What you need to do:
Word for word, restate the entries below and exclude every image.
──────── Data ────────
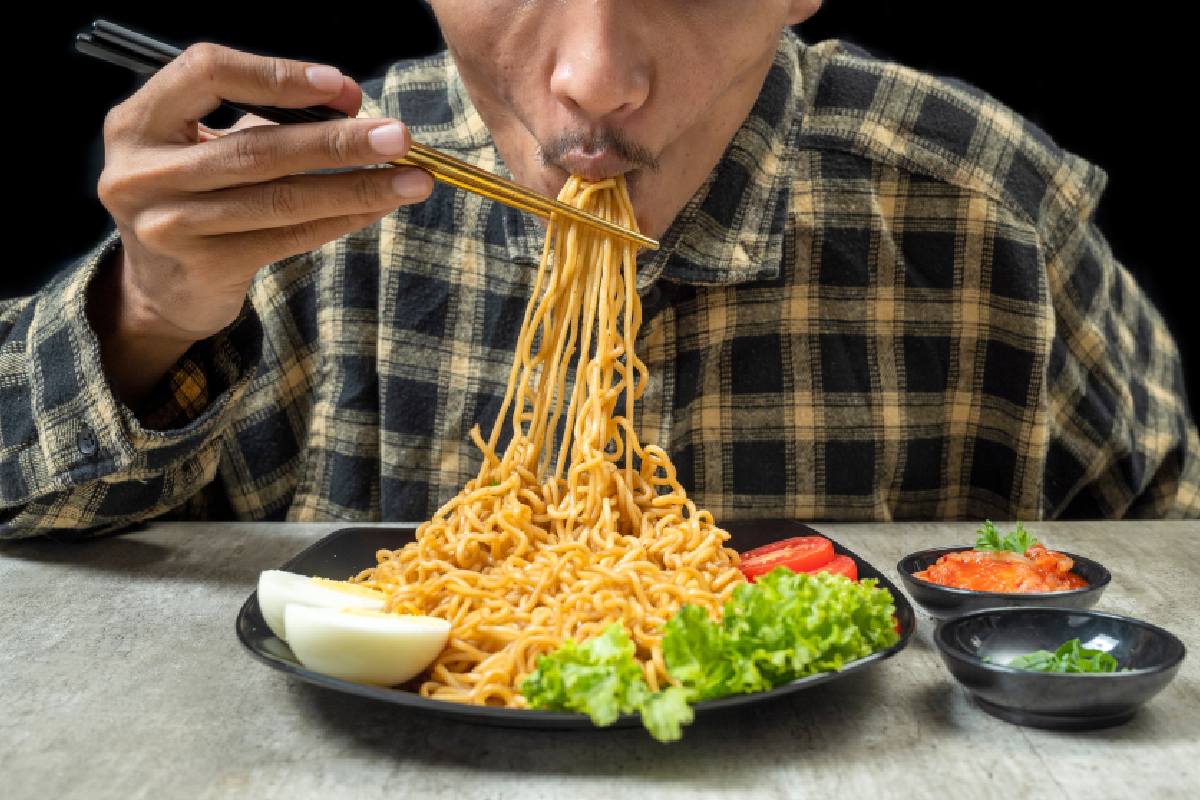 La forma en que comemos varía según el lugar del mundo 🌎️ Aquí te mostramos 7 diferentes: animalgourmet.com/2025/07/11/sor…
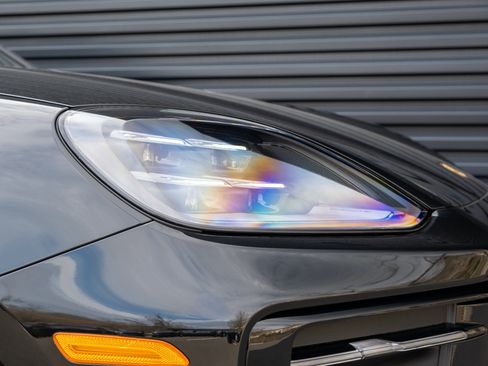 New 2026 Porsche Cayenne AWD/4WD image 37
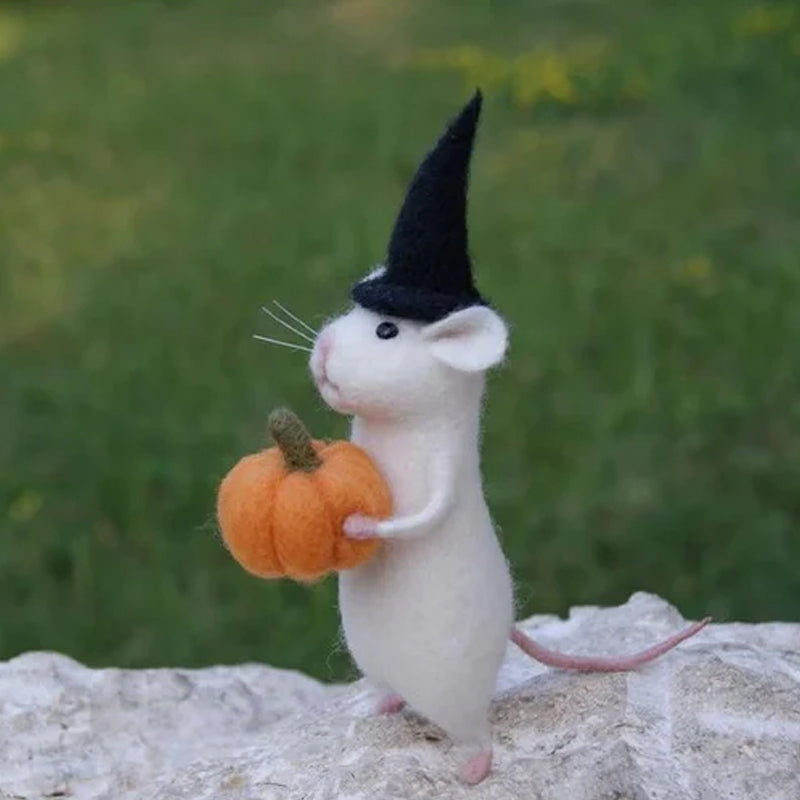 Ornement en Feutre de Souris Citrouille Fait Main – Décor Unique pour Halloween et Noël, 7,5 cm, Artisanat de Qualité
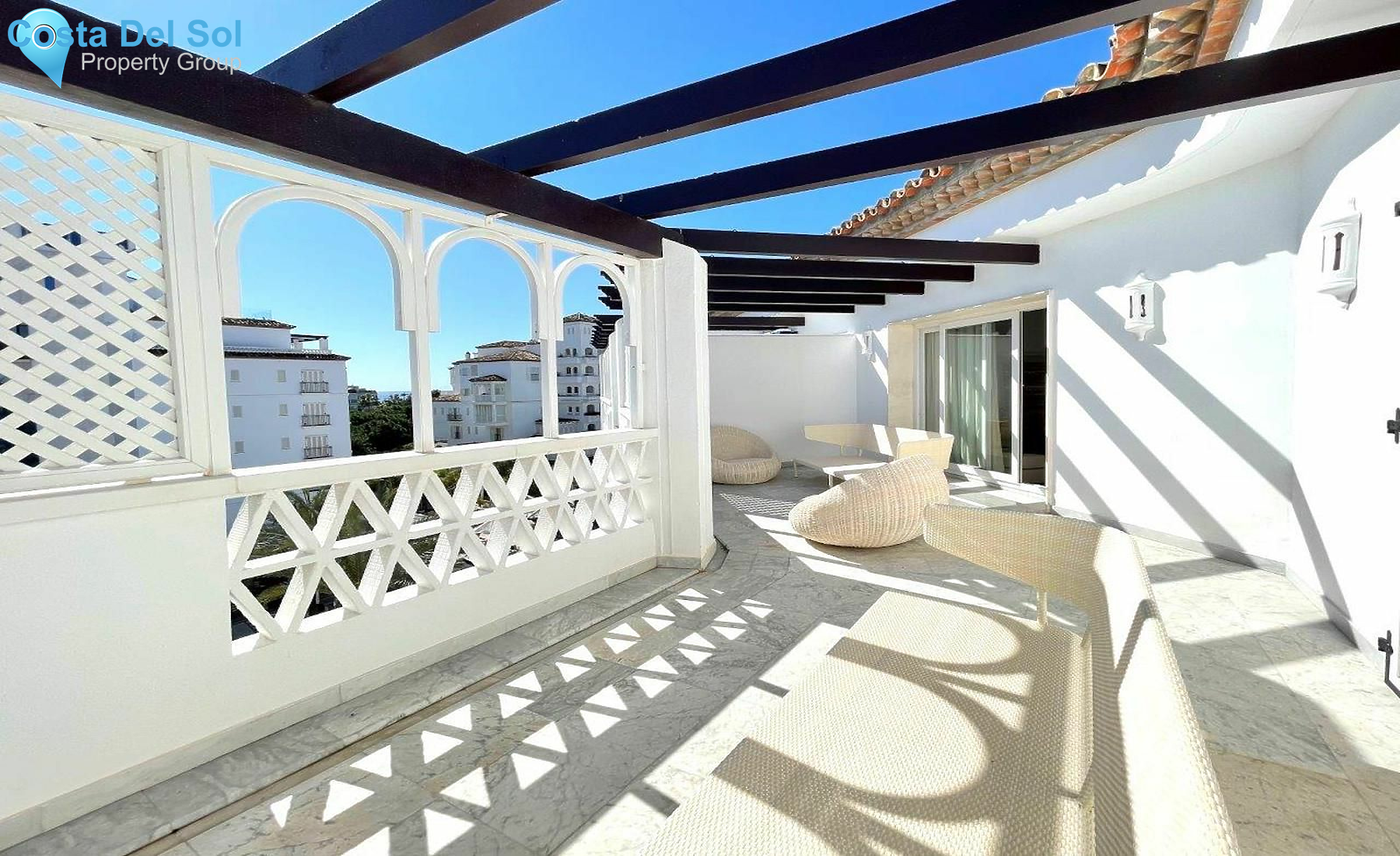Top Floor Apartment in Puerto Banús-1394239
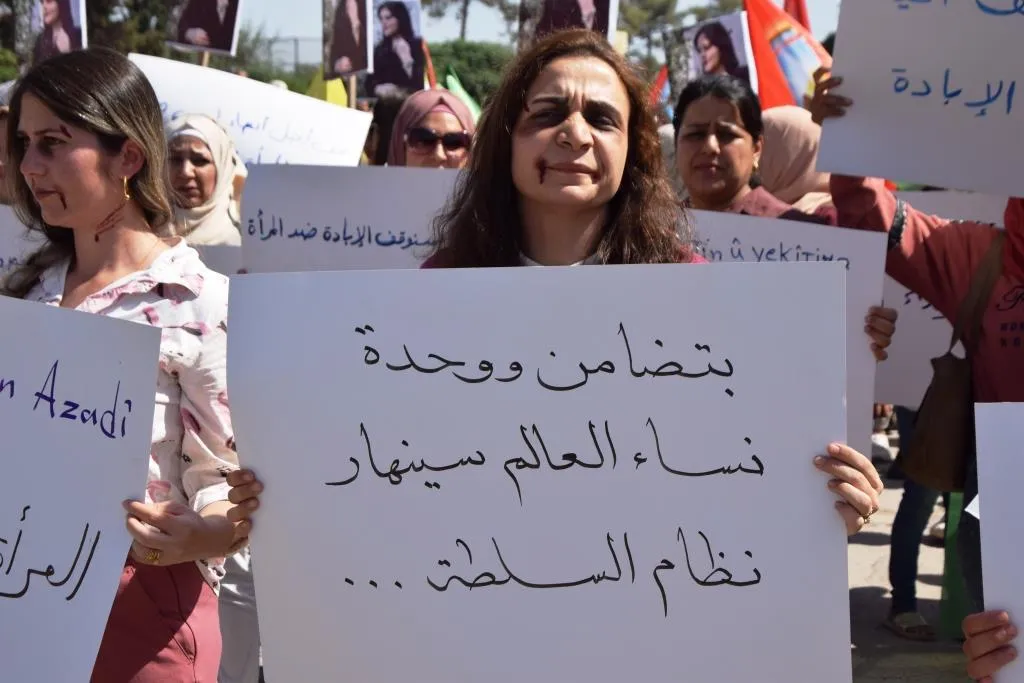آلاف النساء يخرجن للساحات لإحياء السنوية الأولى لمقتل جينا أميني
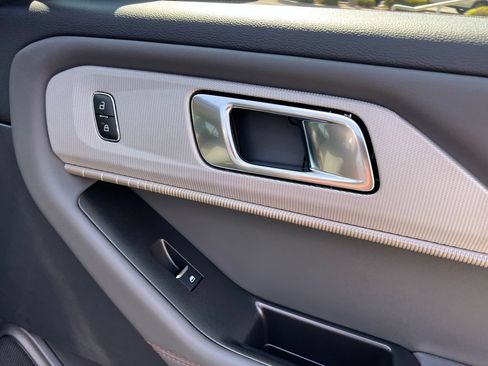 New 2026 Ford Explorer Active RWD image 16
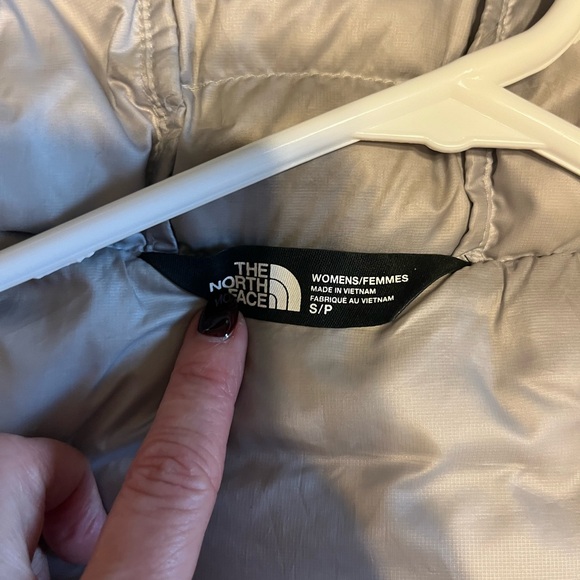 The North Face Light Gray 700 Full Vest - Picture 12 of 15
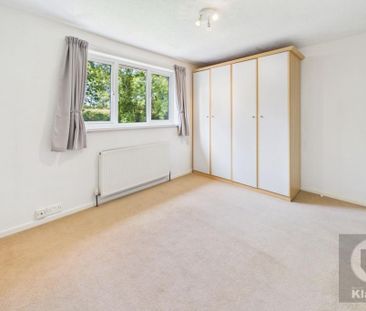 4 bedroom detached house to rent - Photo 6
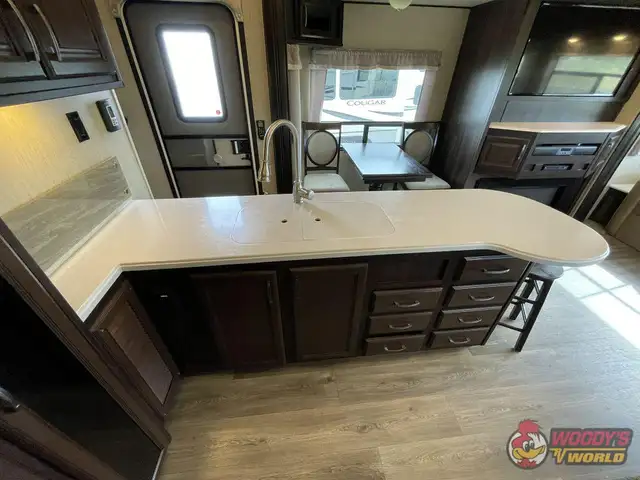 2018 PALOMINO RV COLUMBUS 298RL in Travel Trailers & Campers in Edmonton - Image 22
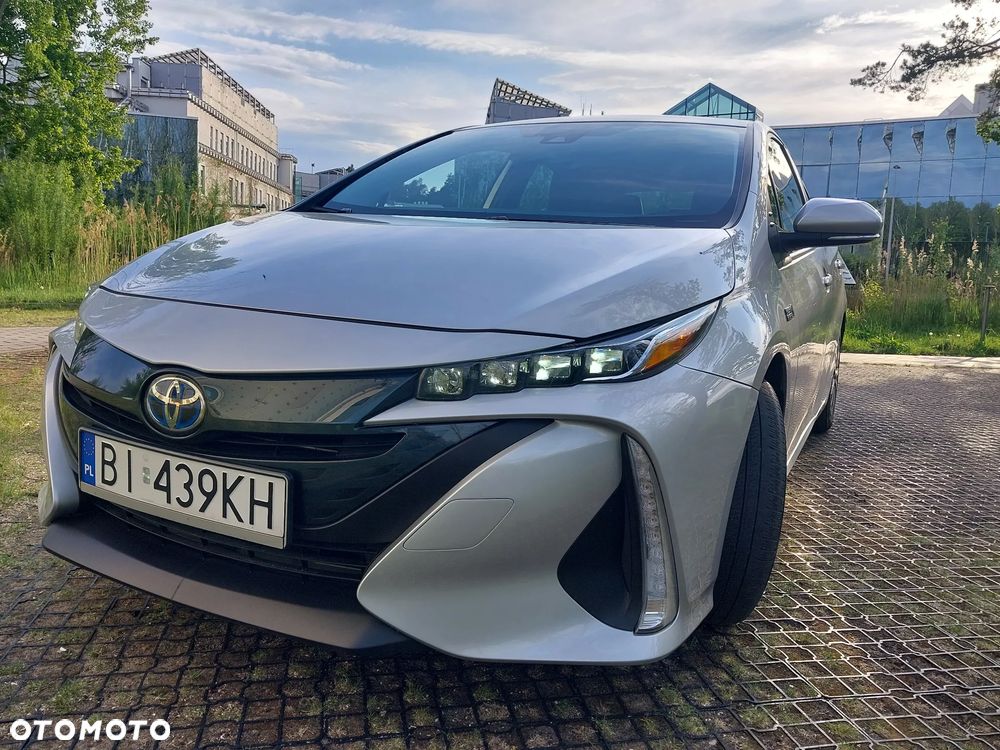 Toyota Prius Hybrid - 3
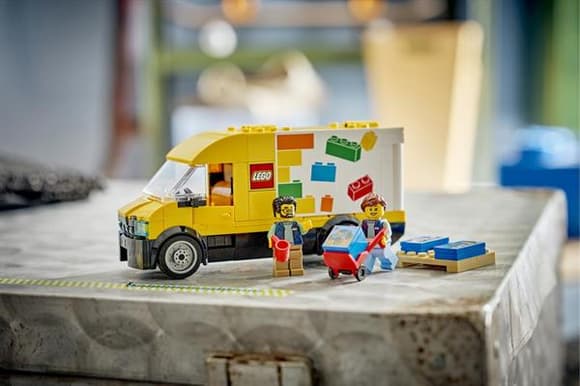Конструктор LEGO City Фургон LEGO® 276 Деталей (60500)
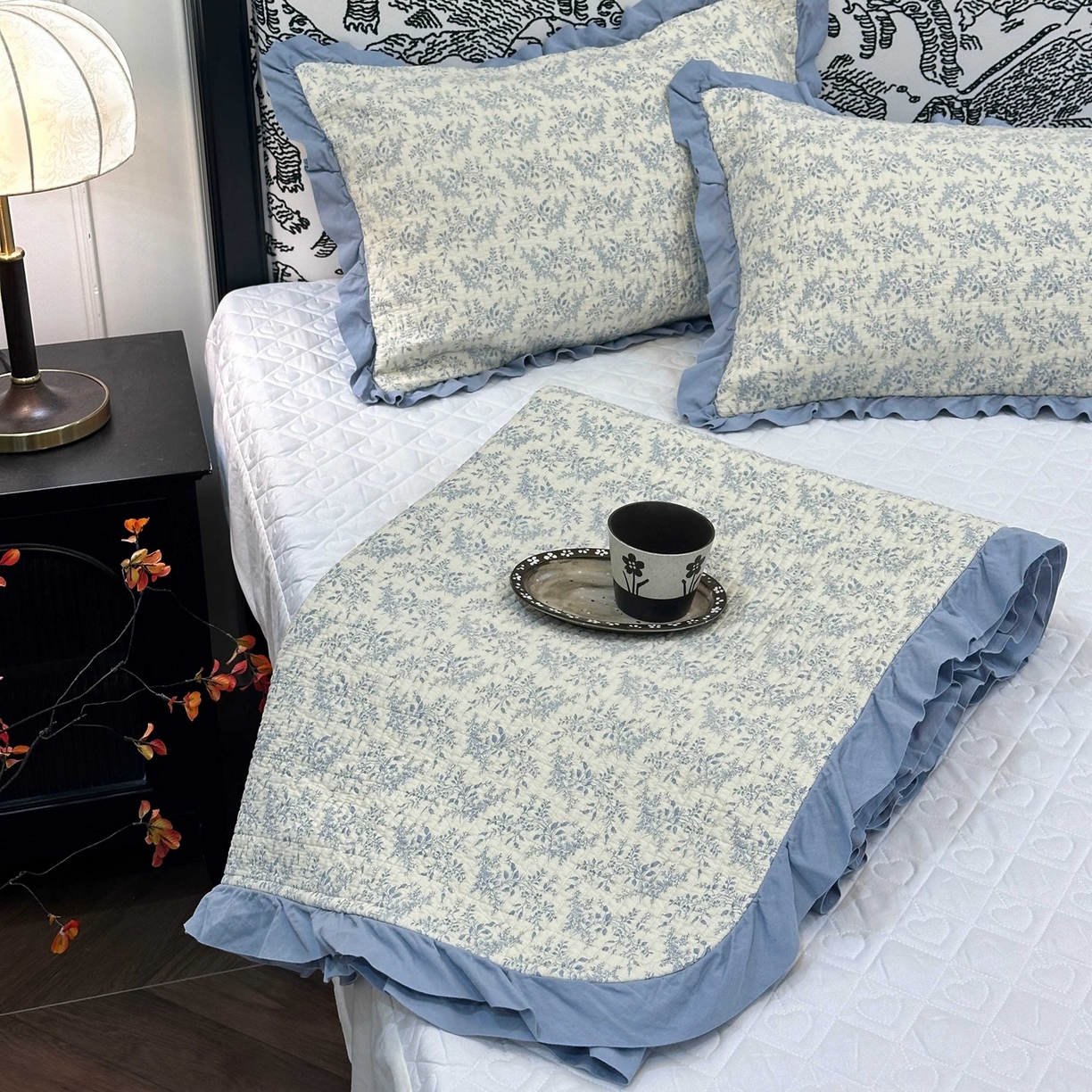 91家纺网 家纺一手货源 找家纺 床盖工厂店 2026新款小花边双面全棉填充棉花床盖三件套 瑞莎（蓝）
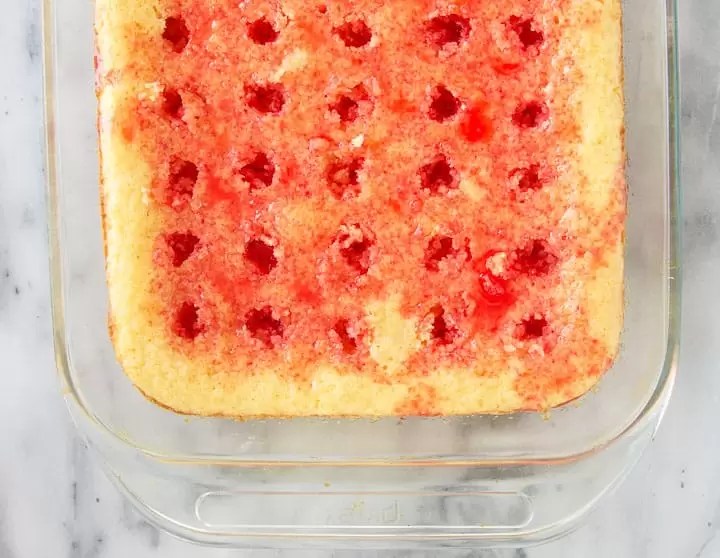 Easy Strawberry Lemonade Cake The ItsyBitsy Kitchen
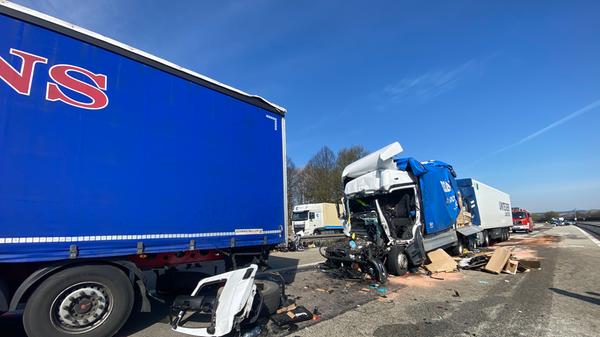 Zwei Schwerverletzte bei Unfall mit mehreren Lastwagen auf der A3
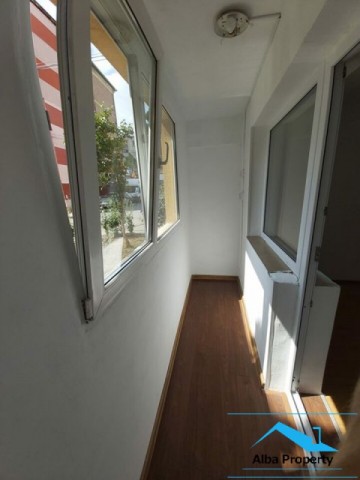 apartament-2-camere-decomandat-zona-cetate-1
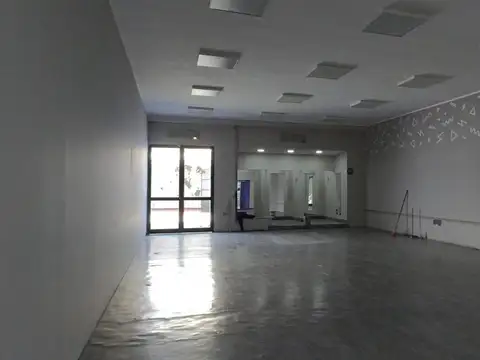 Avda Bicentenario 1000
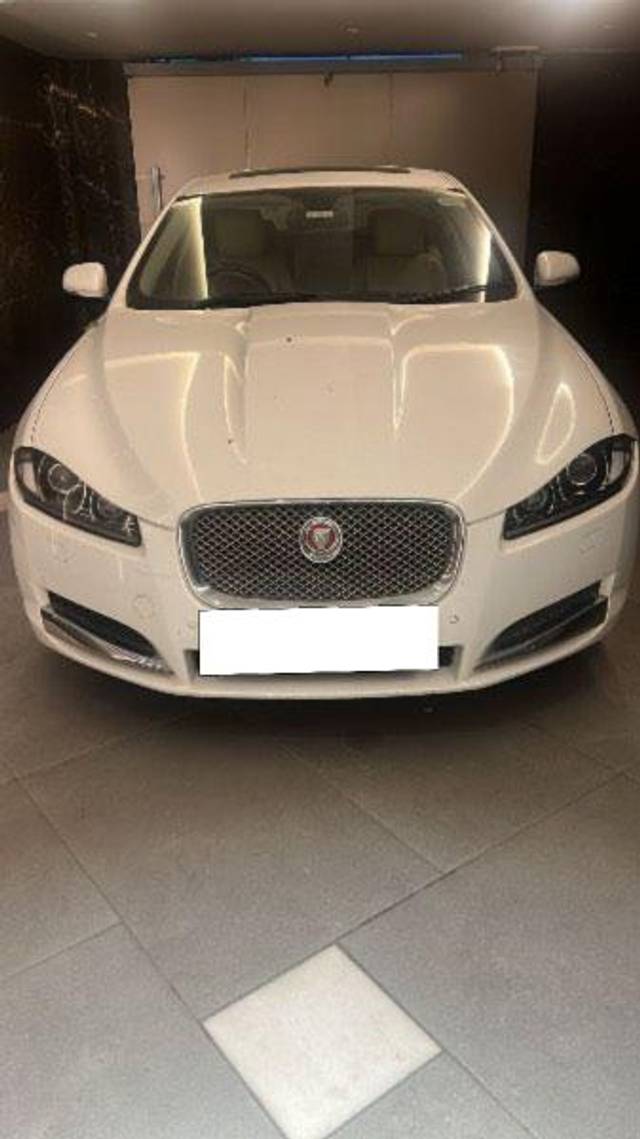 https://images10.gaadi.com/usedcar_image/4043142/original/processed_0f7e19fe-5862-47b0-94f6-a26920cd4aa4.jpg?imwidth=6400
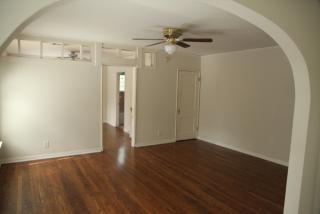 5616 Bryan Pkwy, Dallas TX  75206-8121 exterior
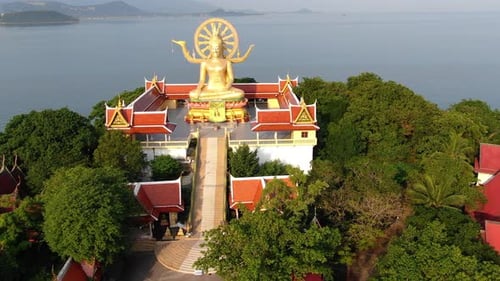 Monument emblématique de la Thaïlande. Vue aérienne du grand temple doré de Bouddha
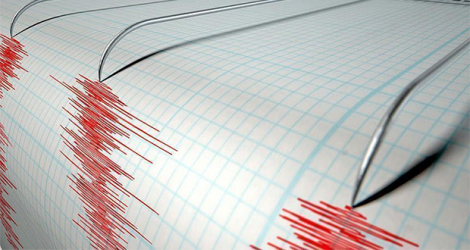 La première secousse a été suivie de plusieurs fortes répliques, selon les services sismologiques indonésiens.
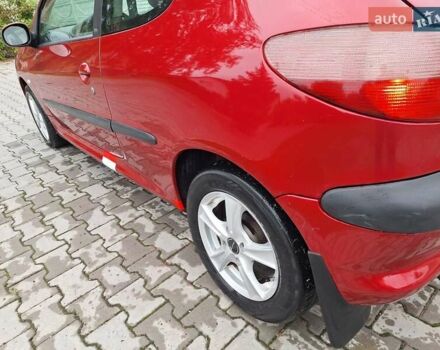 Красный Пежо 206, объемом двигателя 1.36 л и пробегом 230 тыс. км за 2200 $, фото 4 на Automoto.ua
────────
Completed exercise:
 La forma en que comemos varía según el lugar del mundo 🌎️ Aquí te mostramos 7 diferentes: animalgourmet.com/2025/07/11/sor…
 New 2026 Porsche Cayenne AWD/4WD image 37
 Ornement en Feutre de Souris Citrouille Fait Main – Décor Unique pour Halloween et Noël, 7,5 cm, Artisanat de Qualité
Top Floor Apartment in Puerto Banús-1394239
آلاف النساء يخرجن للساحات لإحياء السنوية الأولى لمقتل جينا أميني
 New 2026 Ford Explorer Active RWD image 16
 The North Face Light Gray 700 Full Vest - Picture 12 of 15
 4 bedroom detached house to rent - Photo 6
 2018 PALOMINO RV COLUMBUS 298RL in Travel Trailers & Campers in Edmonton - Image 22
 Toyota Prius Hybrid - 3
Конструктор LEGO City Фургон LEGO® 276 Деталей (60500)
 91家纺网 家纺一手货源 找家纺 床盖工厂店 2026新款小花边双面全棉填充棉花床盖三件套 瑞莎（蓝）
 Easy Strawberry Lemonade Cake The ItsyBitsy Kitchen
 Zwei Schwerverletzte bei Unfall mit mehreren Lastwagen auf der A3
 apartament-2-camere-decomandat-zona-cetate-1
 Avda Bicentenario 1000
 https://images10.gaadi.com/usedcar_image/4043142/original/processed_0f7e19fe-5862-47b0-94f6-a26920cd4aa4.jpg?imwidth=6400
 5616 Bryan Pkwy, Dallas TX  75206-8121 exterior
 Monument emblématique de la Thaïlande. Vue aérienne du grand temple doré de Bouddha
 La première secousse a été suivie de plusieurs fortes répliques, selon les services sismologiques indonésiens.
 Красный Пежо 206, объемом двигателя 1.36 л и пробегом 230 тыс. км за 2200 $, фото 4 на Automoto.ua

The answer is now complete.